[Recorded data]
************

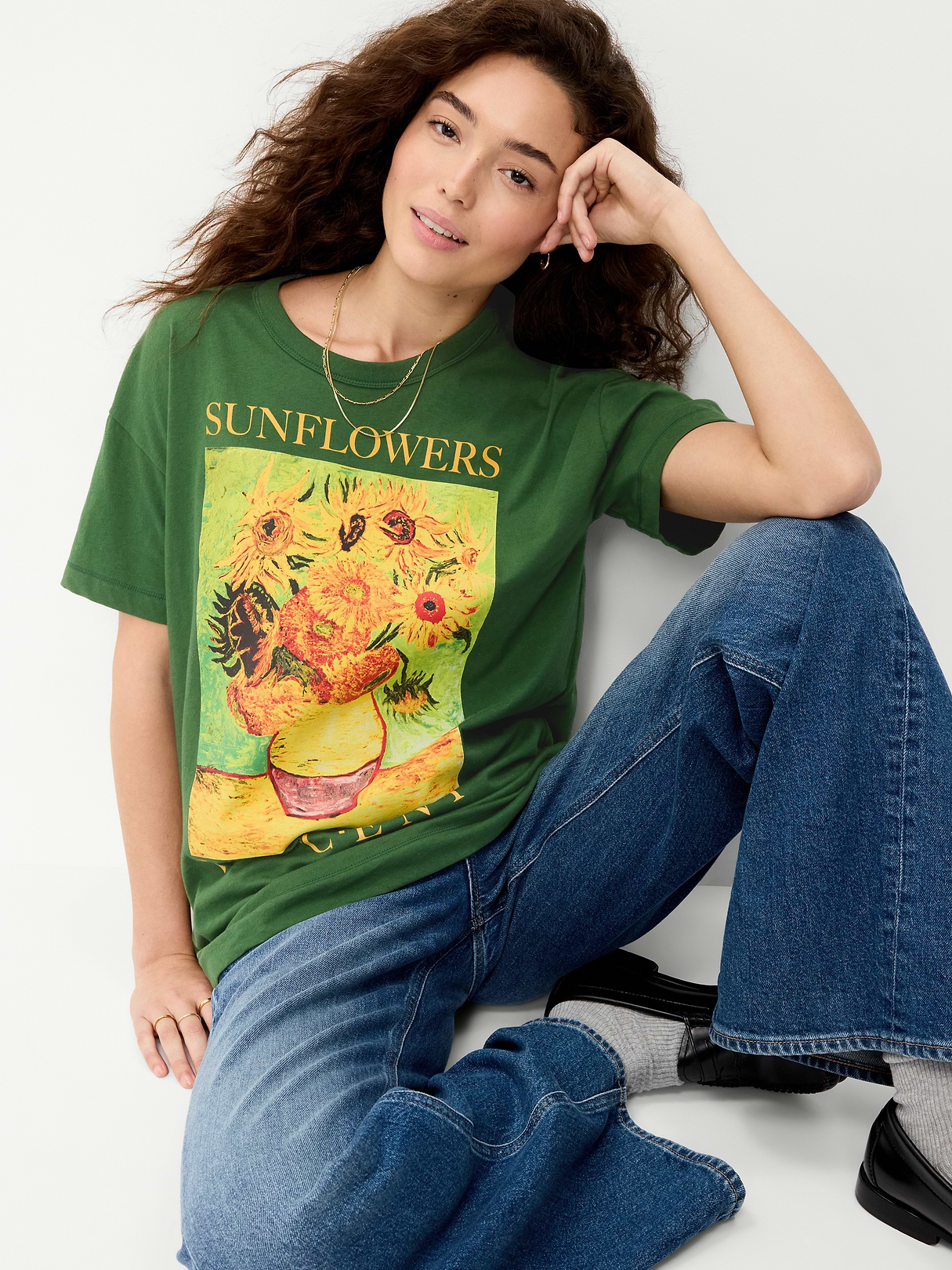 Vincent Van Gogh Oversized Tunic T-Shirt - Pine Grove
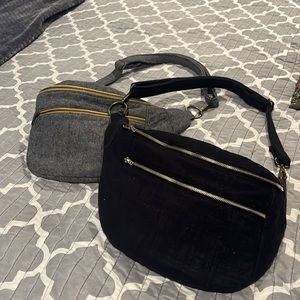 Set of 2 fabric sling bags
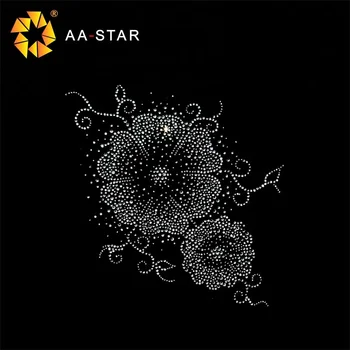 2018 fancy design flower hotfix rhinestone templates buy flower fancy templates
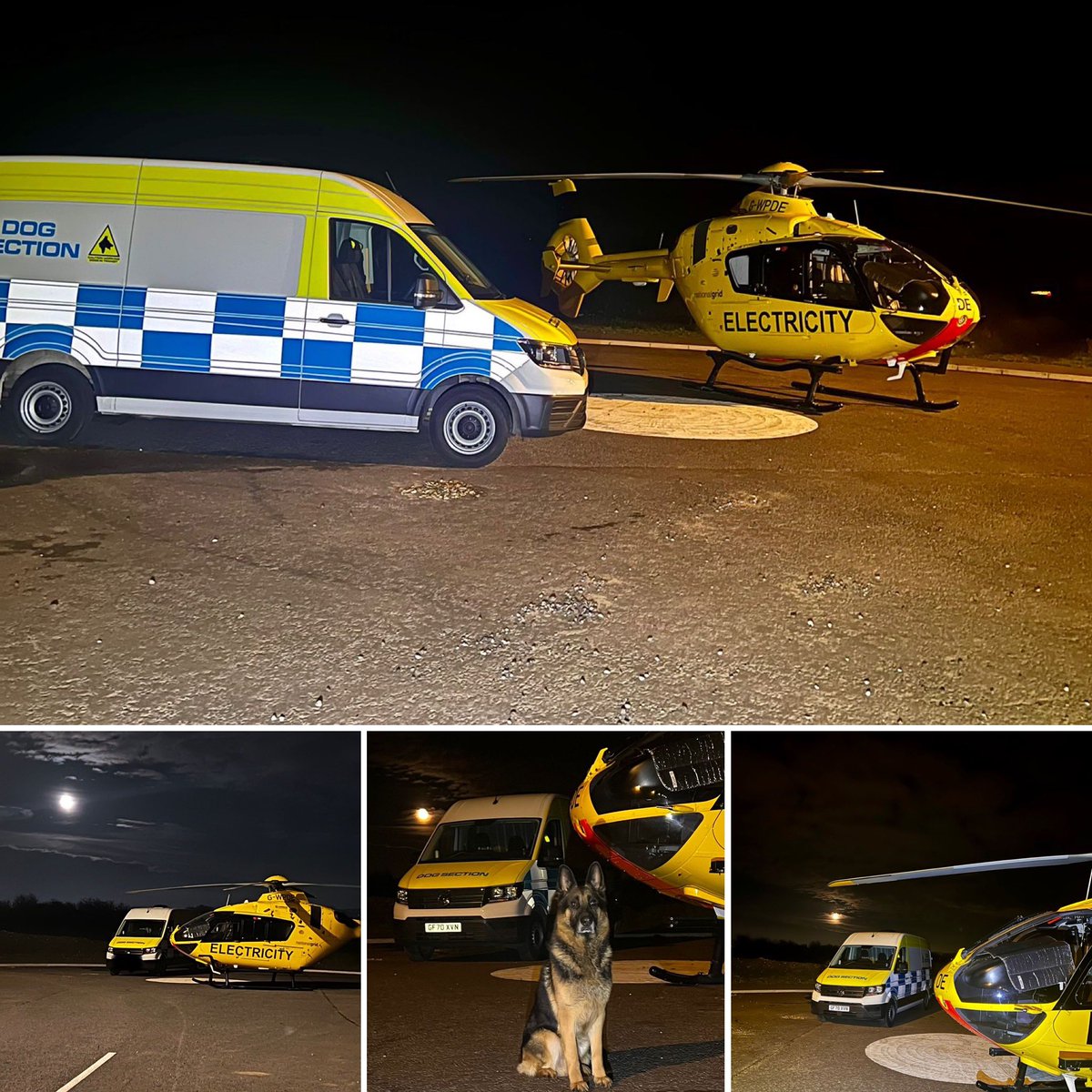 k9_ltd's tweet photo. Something different for the #DogSection tonight Tasked with looking after this #Helicopter. We provide a wide range of #SecurityDog services to clients across the #UK 

Find out more by visiting - https://t.co/eQK2Zgefkx

#SecurityDogs #DogSection #assetprotection #NASDU #ManeK9 https://t.co/MOsU0xxenJ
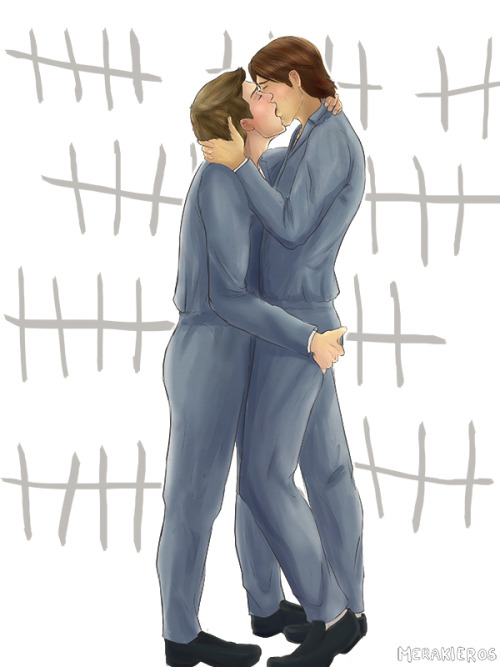 merakieros: ART GIVEAWAY THIRD WINNER 12/17/2016 @angiepangiepanic​ She wanted Sam and Dean kissing 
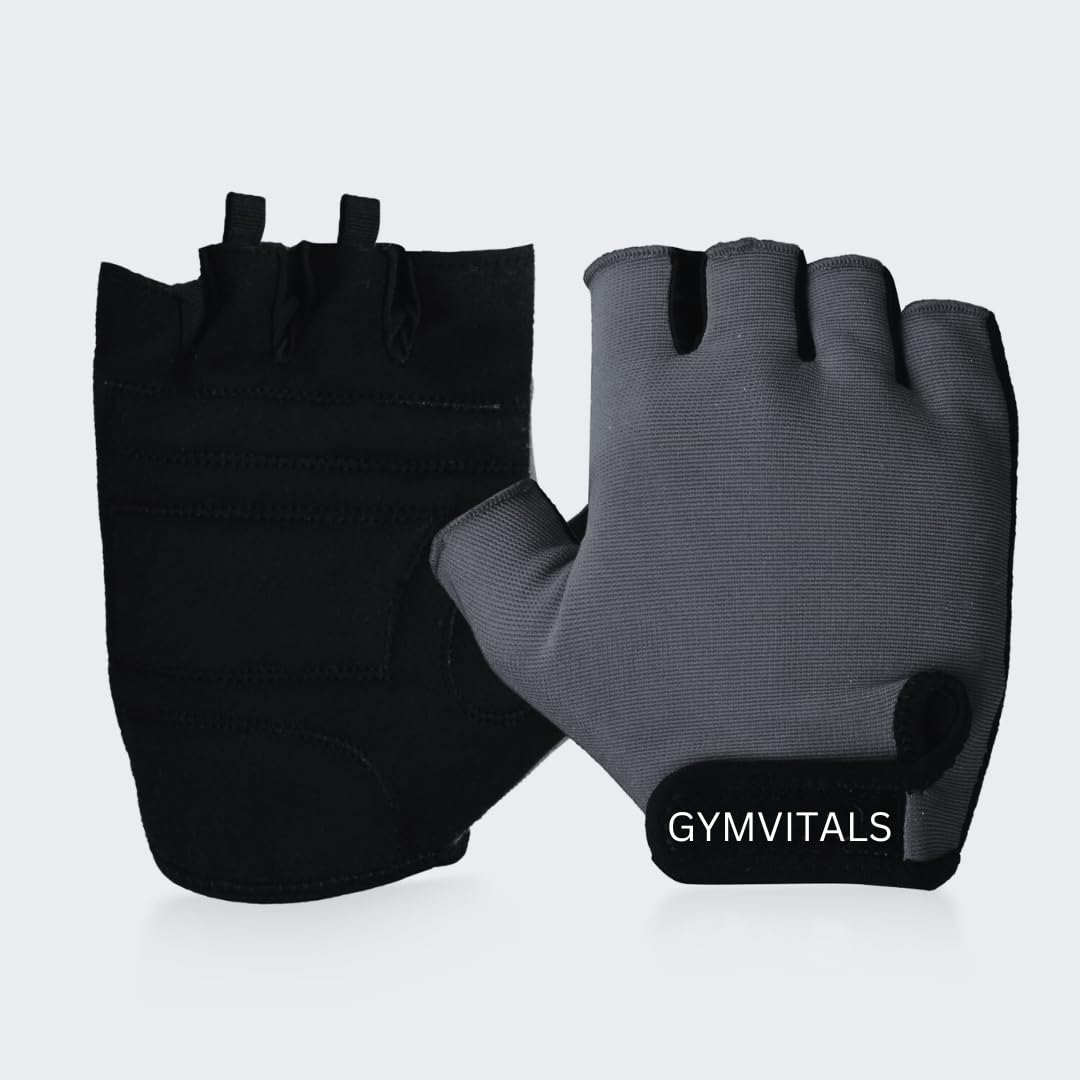 GYMVITALS Treno Black Weight Lifting Gym and Fitness Exercise Gloves for Men and Women Fitness for Exercise and Weightlifting, Large, Black (B0D48P5FJV) Amazon Price History, Amazon Price Tracker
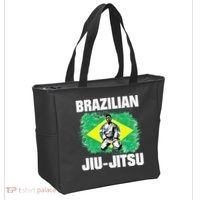 Brazilian Jiu Jitsu Established 1925 BJJ Gift MMA Fighter Tote Bag thumb 2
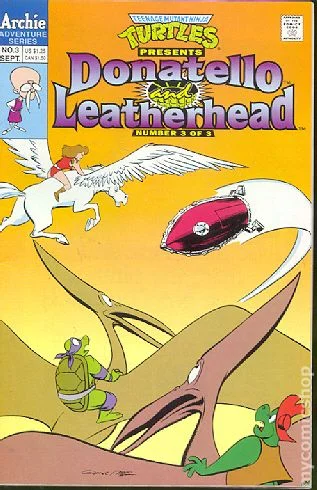 Cover for Teenage Mutant Ninja Turtles Presents: Donatello and Leatherhead #3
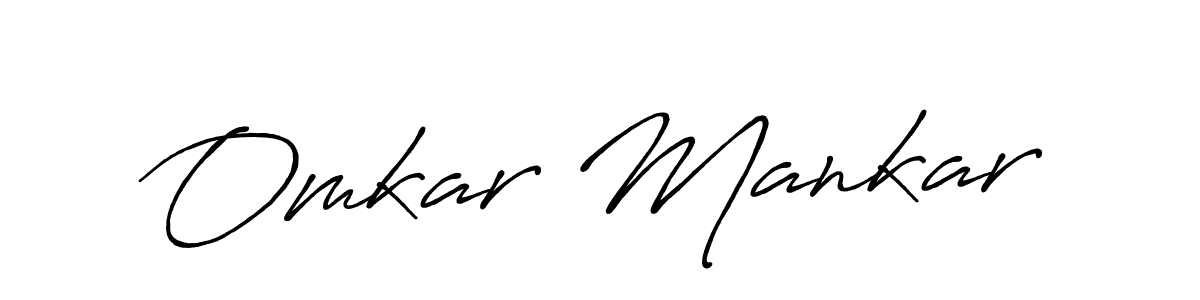 It looks lik you need a new signature style for name Omkar Mankar. Design unique handwritten (Antro_Vectra_Bolder) signature with our free signature maker in just a few clicks. Omkar Mankar signature style 7 images and pictures png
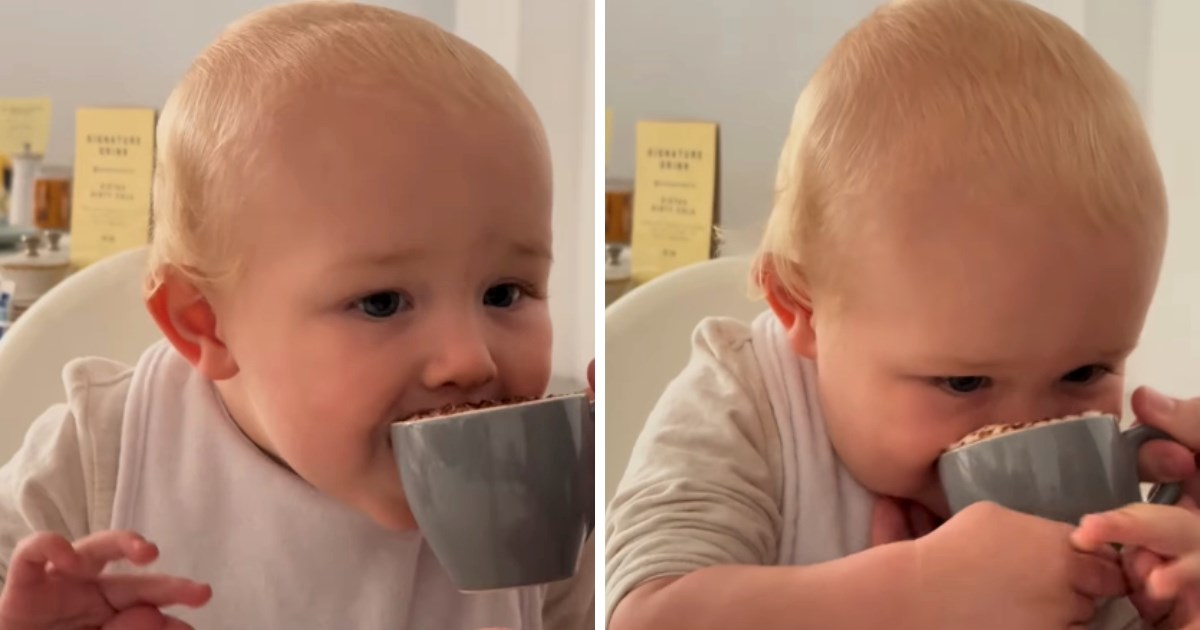 Roditelji su bebi prvi put dali da proba babyccino, pogledajte kako je to završilo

************

TASK DESCRIPTION:
Print the lines from the beginning of the records up to and including the line containing "Cover for Teenage", word for word, with no pictures.

RESPONSE:
 Vincent Van Gogh Oversized Tunic T-Shirt - Pine Grove
 Set of 2 fabric sling bags
 2018 fancy design flower hotfix rhinestone templates buy flower fancy templates
 k9_ltd's tweet photo. Something different for the #DogSection tonight Tasked with looking after this #Helicopter. We provide a wide range of #SecurityDog services to clients across the #UK 

Find out more by visiting - https://t.co/eQK2Zgefkx

#SecurityDogs #DogSection #assetprotection #NASDU #ManeK9 https://t.co/MOsU0xxenJ
 merakieros: ART GIVEAWAY THIRD WINNER 12/17/2016 @angiepangiepanic​ She wanted Sam and Dean kissing 
 GYMVITALS Treno Black Weight Lifting Gym and Fitness Exercise Gloves for Men and Women Fitness for Exercise and Weightlifting, Large, Black (B0D48P5FJV) Amazon Price History, Amazon Price Tracker
 Brazilian Jiu Jitsu Established 1925 BJJ Gift MMA Fighter Tote Bag thumb 2
 Cover for Teenage Mutant Ninja Turtles Presents: Donatello and Leatherhead #3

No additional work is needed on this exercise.